▶ [GIVEN DATA]
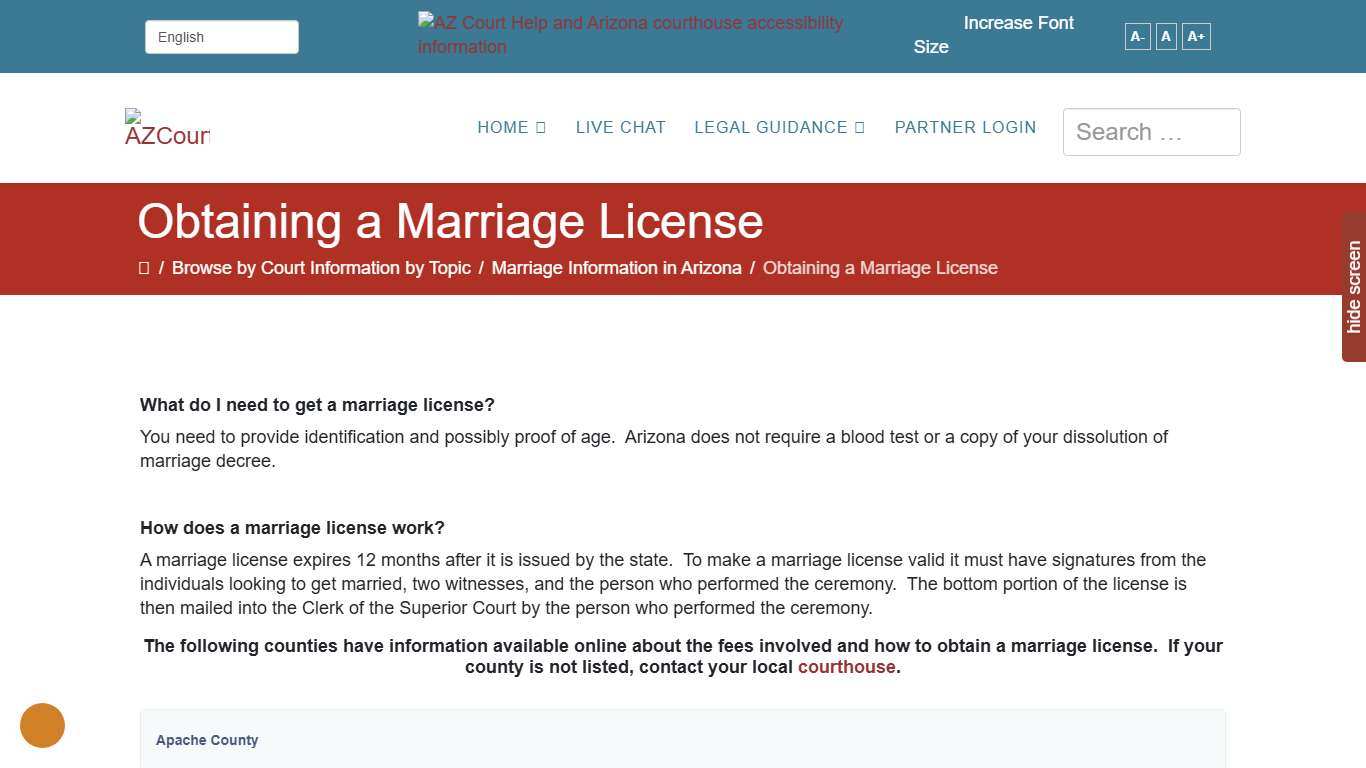 Information and Instruction on Obtaining a Marriage License in Arizona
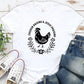 Chicken Raising&Jesus Parising Pattern Round-Neck T-Shirt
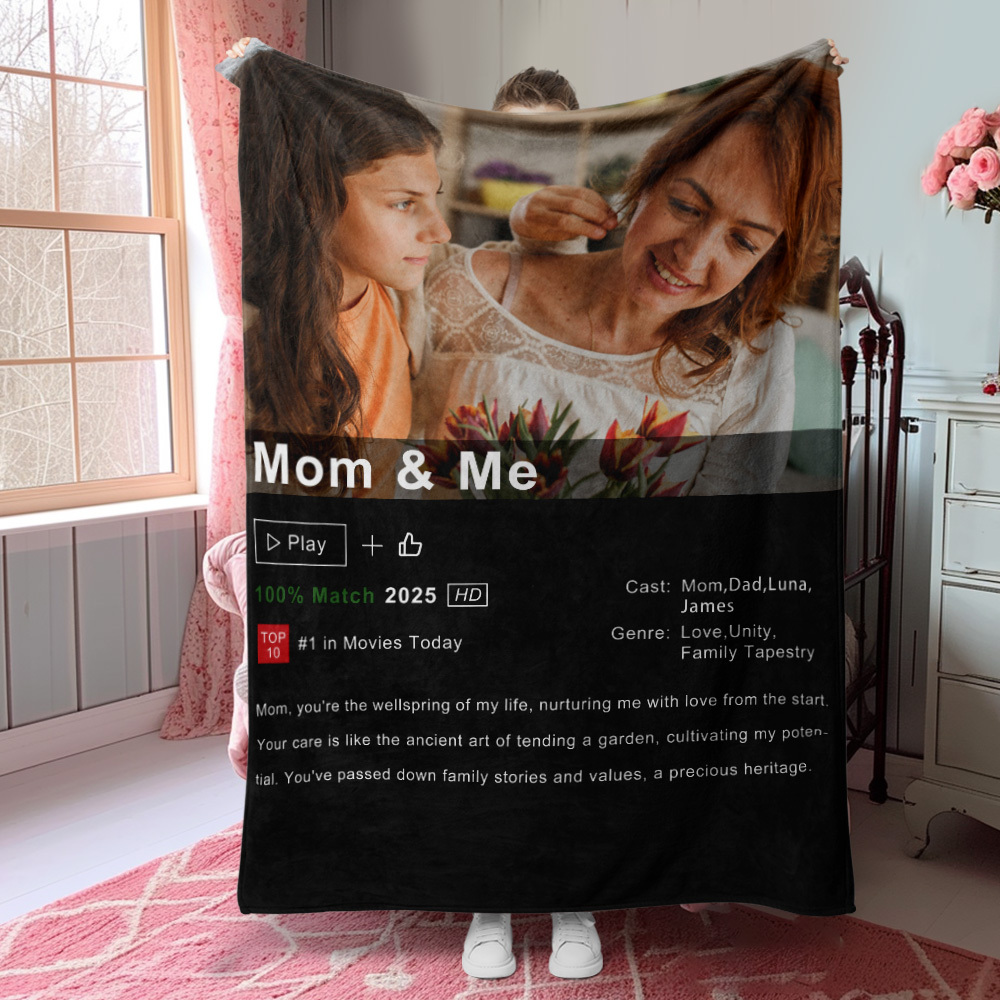 Custom Couples Loveflix Movie Poster Blanket Personalized Photo Blanket Gift for Lover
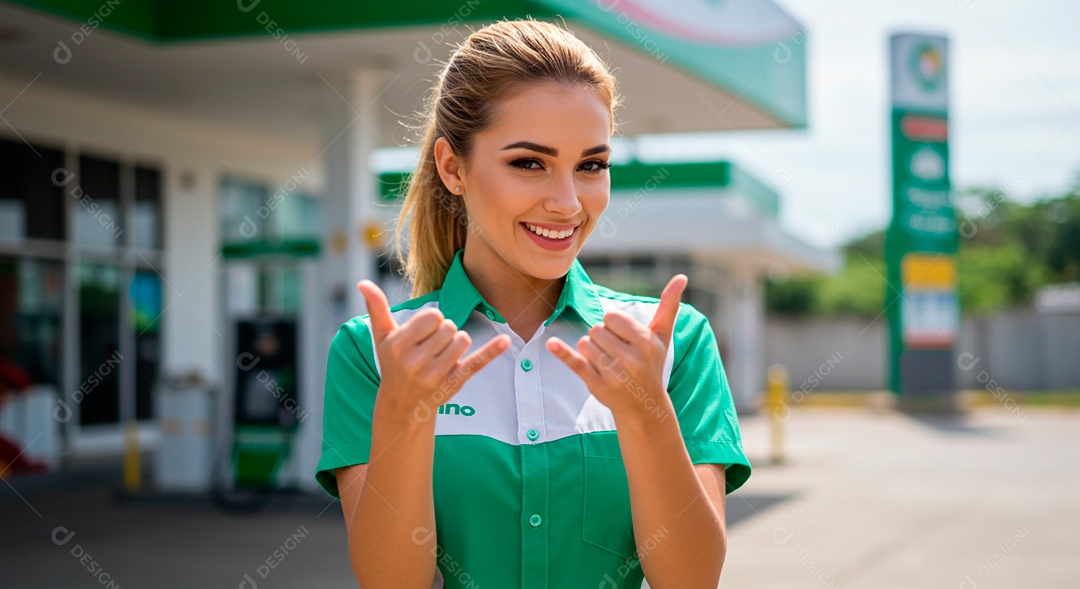 Mulher frentista feliz em um dia de trabalho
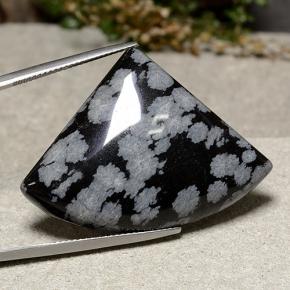 40.57 ct Multicolor Snowflake Obsidian Gemstone, Snowflake Obsidian Gem in Shark Fin Cabochon Shape for Sale.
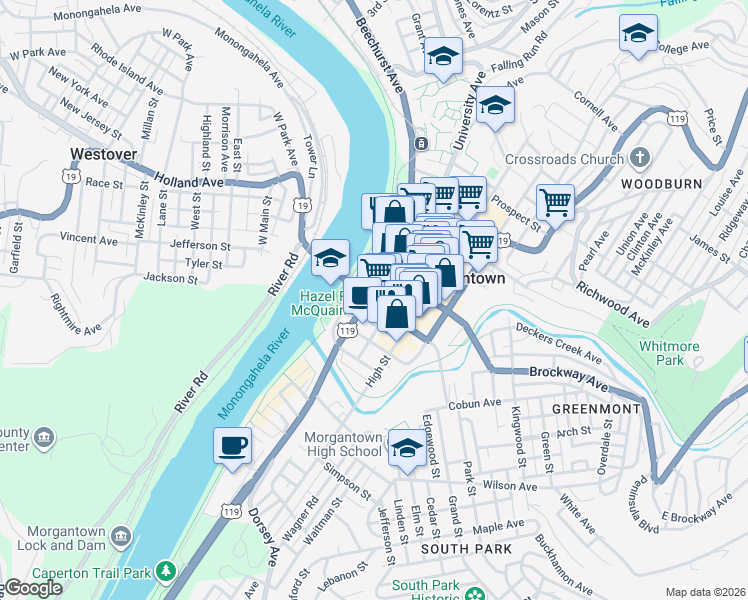 map of restaurants, bars, coffee shops, grocery stores, and more near 223 Chestnut Street in Morgantown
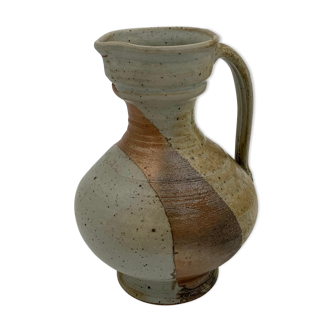 Vintage pitcher in sandstone, iridescent two-tone enamel - 1960s-1970s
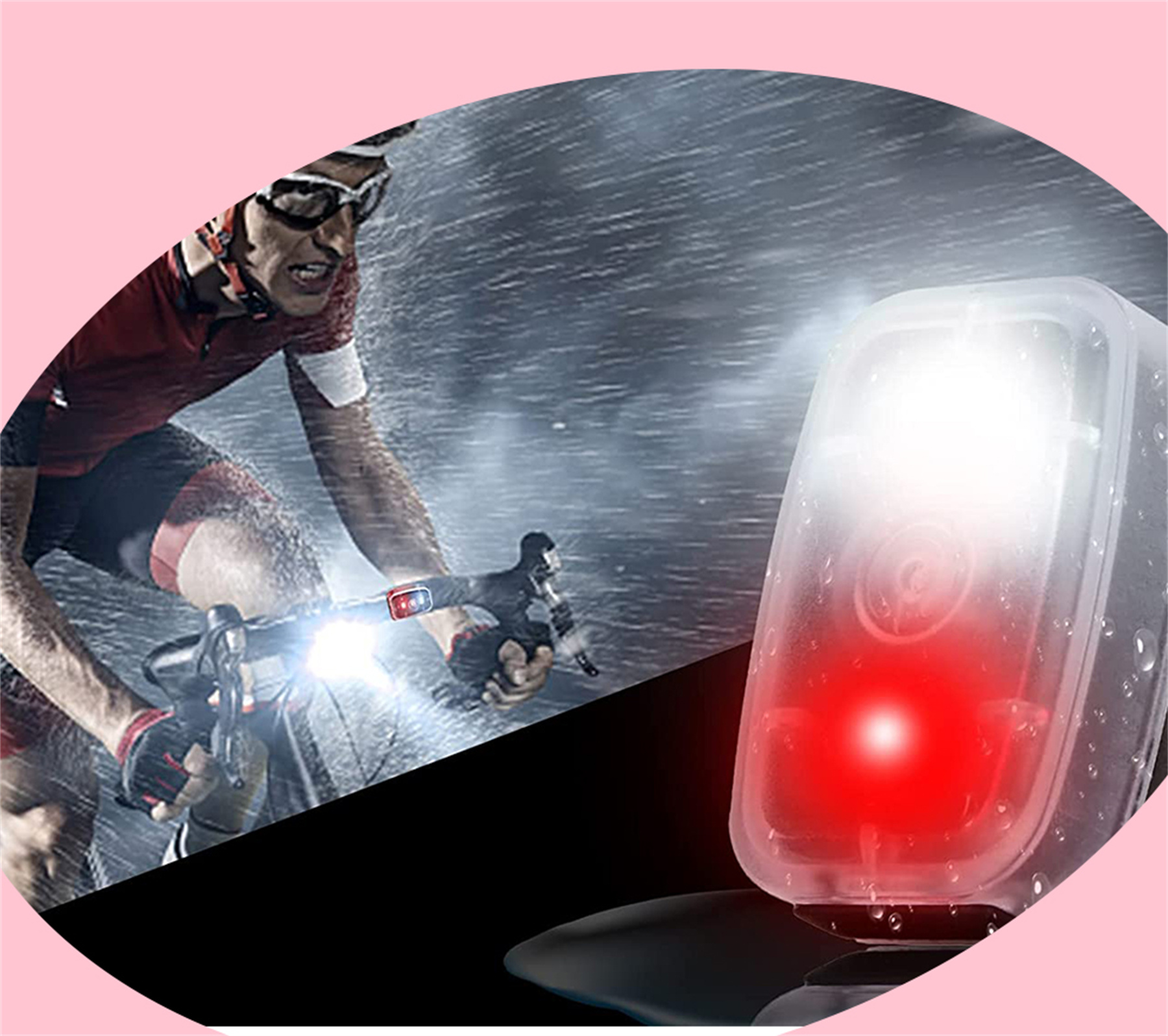 Rear Bike Light Rechargeable Clip on LED Running Light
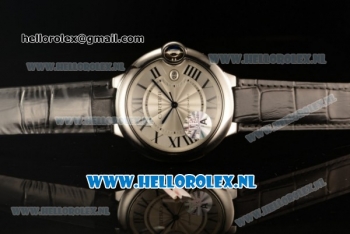 Cartier Ballon Bleu De 9015 Auto Steel Case with White Dial and Black Leather Strap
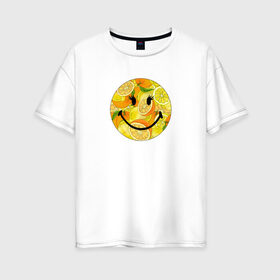 Женская футболка хлопок Oversize с принтом Смайлик с цитрусами в Петрозаводске, 100% хлопок | свободный крой, круглый ворот, спущенный рукав, длина до линии бедер
 | апельсин | апельсинки | весёлый | детский | жара | желтый | женский | зелёный | лаймы | летний | лето | лимон | лимоны | оранжевый | отдых | пляж | подростковый | прикол | прикольный | радость | ребёнок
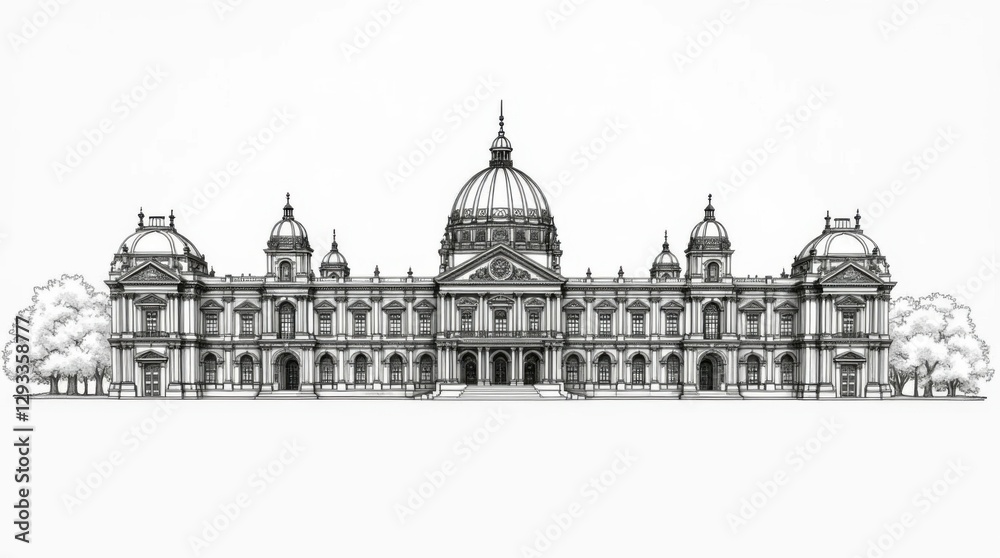 Obraz premium Line Drawing of Dolmabahçe Palace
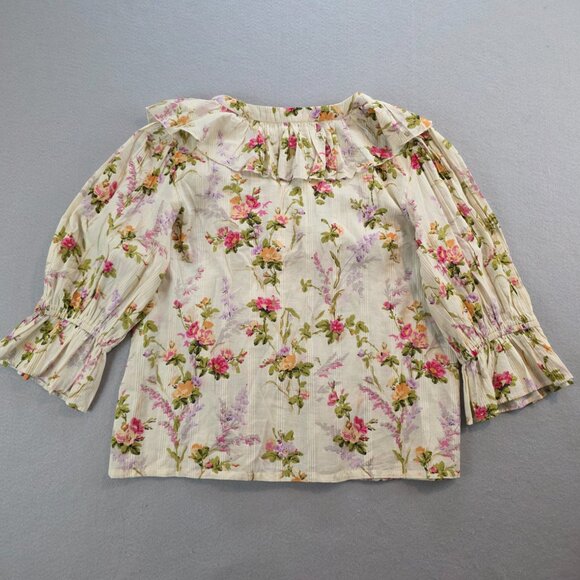 Mille‎ Resortwear Travel Hanna Floral Ruffle Button Front Top Bohemian Beach XL - Picture 6 of 11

▶ [ABOUT THIS TASK] Write the lines out word for word, starting at the one with "радость | ребёнок" and stopping after the last line of the material above, with pictures excluded.

▶ [SOLUTION FOR THIS EXERCISE]
 | апельсин | апельсинки | весёлый | детский | жара | желтый | женский | зелёный | лаймы | летний | лето | лимон | лимоны | оранжевый | отдых | пляж | подростковый | прикол | прикольный | радость | ребёнок
 Obraz premium Line Drawing of Dolmabahçe Palace
 Mille‎ Resortwear Travel Hanna Floral Ruffle Button Front Top Bohemian Beach XL - Picture 6 of 11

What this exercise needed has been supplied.